I wrinkled my nose. “Ick,” I said.
“Yeah, no kidding,” said the young dwarf. “These
lands are the perfect place to challenge you to keep believing in the
Light, you know?”
“No kidding,” I echoed.
We chatted, quietly, until Rayn’s voice drifted up
from the ground near our feet. “Turn your ears to the forests and your
mouths to silence,” he growled groggily. We complied.
Dawn came, grudgingly, and we roused everyone. The
day’s march was hard but not grueling, and it was blessedly uneventful.
The scenery did not change much as we progressed: the same nearly flat,
brown, slightly spongy ground, and the same speckled mushroom-like trees
standing apart from each other.
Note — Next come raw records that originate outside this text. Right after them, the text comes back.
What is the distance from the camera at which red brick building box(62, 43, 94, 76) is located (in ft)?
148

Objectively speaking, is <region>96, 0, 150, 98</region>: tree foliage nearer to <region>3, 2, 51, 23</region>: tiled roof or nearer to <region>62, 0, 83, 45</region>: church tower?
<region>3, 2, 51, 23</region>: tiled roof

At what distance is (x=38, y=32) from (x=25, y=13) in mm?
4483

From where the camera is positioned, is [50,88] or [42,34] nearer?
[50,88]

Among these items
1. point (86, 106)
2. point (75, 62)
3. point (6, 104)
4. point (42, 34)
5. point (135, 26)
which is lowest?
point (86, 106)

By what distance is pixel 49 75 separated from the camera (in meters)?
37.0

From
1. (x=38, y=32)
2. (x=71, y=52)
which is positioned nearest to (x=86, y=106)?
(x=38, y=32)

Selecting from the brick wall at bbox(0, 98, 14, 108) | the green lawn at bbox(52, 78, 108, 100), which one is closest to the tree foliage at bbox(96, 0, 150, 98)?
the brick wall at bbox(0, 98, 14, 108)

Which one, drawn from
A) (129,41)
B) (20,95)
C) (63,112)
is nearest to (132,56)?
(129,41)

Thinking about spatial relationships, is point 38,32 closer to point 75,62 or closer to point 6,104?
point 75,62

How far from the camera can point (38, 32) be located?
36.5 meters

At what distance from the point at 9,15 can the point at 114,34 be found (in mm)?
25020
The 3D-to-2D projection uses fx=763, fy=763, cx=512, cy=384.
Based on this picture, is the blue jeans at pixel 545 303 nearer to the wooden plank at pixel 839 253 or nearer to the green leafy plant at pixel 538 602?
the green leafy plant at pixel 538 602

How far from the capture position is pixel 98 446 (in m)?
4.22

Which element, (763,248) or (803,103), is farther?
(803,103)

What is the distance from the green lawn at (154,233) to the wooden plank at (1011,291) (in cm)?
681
Where the tangled, plagued woods in
which we had begun our journey on this continent had been claustrophobic
and terrifying, these felt open, and ethereal in their own dark way. It
was as though they had lived with the evil of the plague so long that it
was no longer a dead land, no longer evil: just, different.
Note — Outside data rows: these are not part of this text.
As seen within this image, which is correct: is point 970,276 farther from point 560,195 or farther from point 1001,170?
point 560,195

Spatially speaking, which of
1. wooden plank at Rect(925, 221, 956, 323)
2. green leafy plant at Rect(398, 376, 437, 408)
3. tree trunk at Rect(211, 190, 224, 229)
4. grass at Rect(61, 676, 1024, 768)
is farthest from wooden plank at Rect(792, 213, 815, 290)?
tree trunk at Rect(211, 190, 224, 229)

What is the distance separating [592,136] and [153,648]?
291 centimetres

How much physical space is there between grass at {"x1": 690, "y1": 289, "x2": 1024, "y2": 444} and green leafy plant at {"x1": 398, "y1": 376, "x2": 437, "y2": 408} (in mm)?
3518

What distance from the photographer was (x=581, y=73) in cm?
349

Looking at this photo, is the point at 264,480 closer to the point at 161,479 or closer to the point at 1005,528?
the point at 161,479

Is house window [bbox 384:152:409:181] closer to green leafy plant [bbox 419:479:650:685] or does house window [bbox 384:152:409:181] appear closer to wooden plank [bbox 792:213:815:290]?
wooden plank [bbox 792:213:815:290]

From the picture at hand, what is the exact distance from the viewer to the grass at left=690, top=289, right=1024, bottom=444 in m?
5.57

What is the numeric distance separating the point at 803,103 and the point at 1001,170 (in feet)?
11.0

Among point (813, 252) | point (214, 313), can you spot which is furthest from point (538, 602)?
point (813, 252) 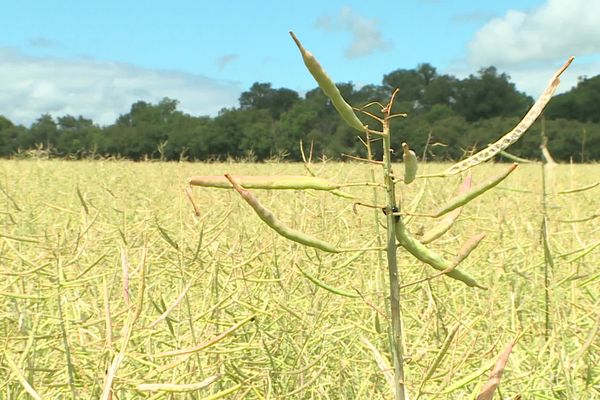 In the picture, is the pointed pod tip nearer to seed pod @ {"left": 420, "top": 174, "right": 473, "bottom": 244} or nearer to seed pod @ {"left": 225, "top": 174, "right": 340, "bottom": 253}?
seed pod @ {"left": 225, "top": 174, "right": 340, "bottom": 253}

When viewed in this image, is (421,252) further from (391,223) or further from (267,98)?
(267,98)

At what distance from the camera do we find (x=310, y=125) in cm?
3145

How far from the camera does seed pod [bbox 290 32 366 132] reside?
0.48 meters

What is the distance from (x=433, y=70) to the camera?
45.9 m

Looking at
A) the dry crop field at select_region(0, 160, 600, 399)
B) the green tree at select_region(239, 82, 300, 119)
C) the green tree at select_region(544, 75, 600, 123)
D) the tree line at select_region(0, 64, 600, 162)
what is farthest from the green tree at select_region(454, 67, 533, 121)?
the dry crop field at select_region(0, 160, 600, 399)

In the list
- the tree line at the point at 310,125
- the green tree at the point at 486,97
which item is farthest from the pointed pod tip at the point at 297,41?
the green tree at the point at 486,97

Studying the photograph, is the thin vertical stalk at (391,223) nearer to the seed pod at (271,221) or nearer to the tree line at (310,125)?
the seed pod at (271,221)

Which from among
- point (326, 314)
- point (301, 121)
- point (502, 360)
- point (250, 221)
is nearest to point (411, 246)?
point (502, 360)

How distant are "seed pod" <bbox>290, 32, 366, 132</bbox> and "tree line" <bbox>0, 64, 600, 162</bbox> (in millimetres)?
18141

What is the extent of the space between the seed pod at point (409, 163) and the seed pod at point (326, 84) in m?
0.05

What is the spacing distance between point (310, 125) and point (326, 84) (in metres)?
31.1

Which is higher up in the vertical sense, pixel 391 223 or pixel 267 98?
pixel 267 98

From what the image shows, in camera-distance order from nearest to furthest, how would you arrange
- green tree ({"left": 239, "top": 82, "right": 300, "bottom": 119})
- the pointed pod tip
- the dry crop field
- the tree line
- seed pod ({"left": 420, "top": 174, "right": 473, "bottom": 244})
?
1. the pointed pod tip
2. seed pod ({"left": 420, "top": 174, "right": 473, "bottom": 244})
3. the dry crop field
4. the tree line
5. green tree ({"left": 239, "top": 82, "right": 300, "bottom": 119})

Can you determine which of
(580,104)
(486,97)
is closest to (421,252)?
(580,104) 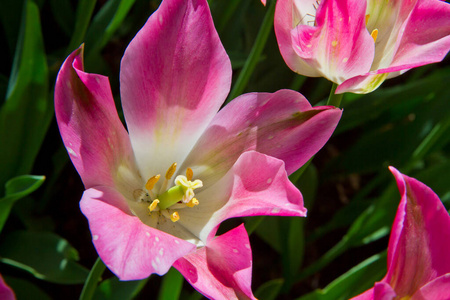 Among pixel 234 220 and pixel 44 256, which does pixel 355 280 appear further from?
pixel 44 256

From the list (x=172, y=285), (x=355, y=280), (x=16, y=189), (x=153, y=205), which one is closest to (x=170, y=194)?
(x=153, y=205)

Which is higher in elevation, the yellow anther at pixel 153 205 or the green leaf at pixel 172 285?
the yellow anther at pixel 153 205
The ground began sloping up in late morning, rising
rockily to either side of us, and shortly before noon we traversed a
narrow pass between two high, rocky cliffs. The ground evened out on
the other side, and the plague forest continued.
As the day lengthened, I noticed that we were
beginning to cast distinct shadows, behind ourselves and to the right.
I glanced up at the clouds overhead, and they seemed distinctly less
oppressive than they had previously. Another hour along, and I thought
I could see the ghostly outline of the sun off to the west. I mentioned
it to Jayksen.
“Aye,” he said, “the clouds thin here. You’ll see
a sunset soon, and the stars will be out tonight.” I smiled. Allyndil
had been wrong, then, six nights ago.
It didn’t turn out to be a very impressive sunset,
though. The ghost sun merely descended to the horizon, lengthening
shadows, and then disappearing for the night.